### [What is being asked]
Please reproduce the listing word for word. Pictures stay out.
[Extracted records — start]
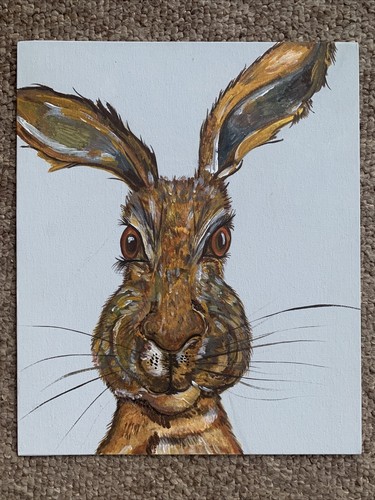 Hare animals original - hare,
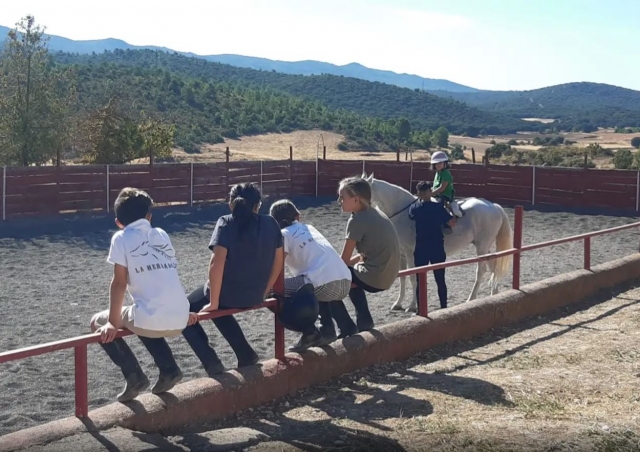  Un gruppo di piccoli aspetta il proprio turno andare a cavallo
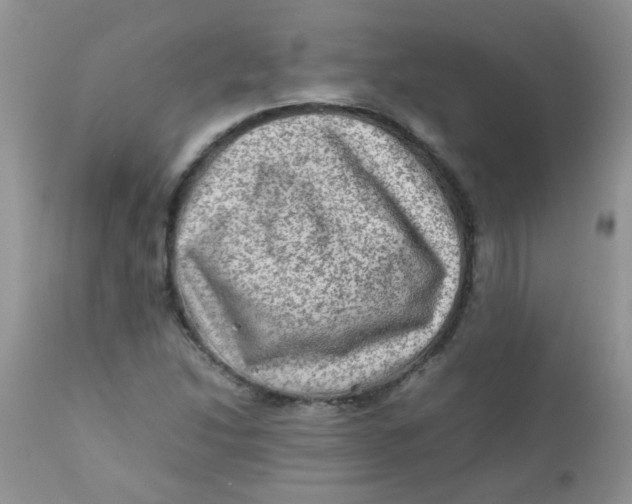 X0000111901214200908171231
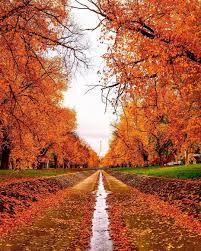 Follow The Golden Brick Road Autumn Is In Full Swing In Visitcanberra As Carolelvin Discovered There Are Dazzling Shades Of Red And Gold Around Every C Host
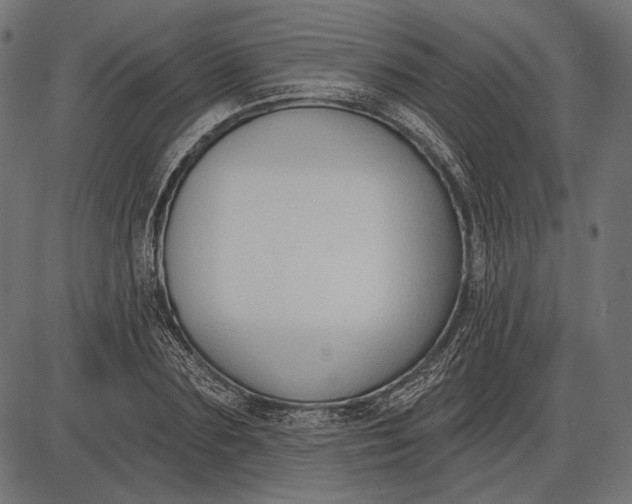 X0000086070883200704091232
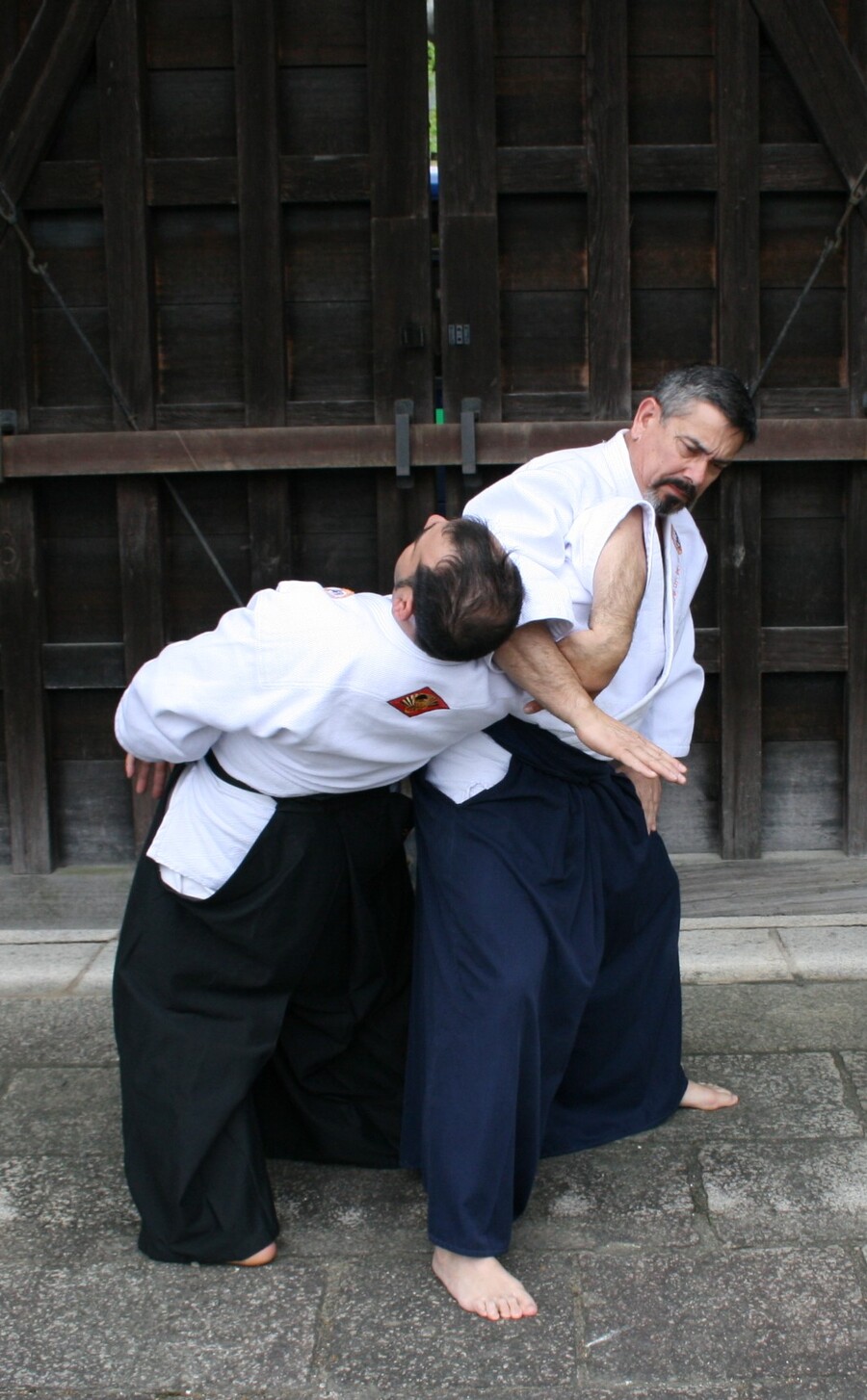 aiki-1.jpg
[Extracted records — finish]
### [Exercise result]
 Hare animals original - hare,
  Un gruppo di piccoli aspetta il proprio turno andare a cavallo
 X0000111901214200908171231
 Follow The Golden Brick Road Autumn Is In Full Swing In Visitcanberra As Carolelvin Discovered There Are Dazzling Shades Of Red And Gold Around Every C Host
 X0000086070883200704091232
 aiki-1.jpg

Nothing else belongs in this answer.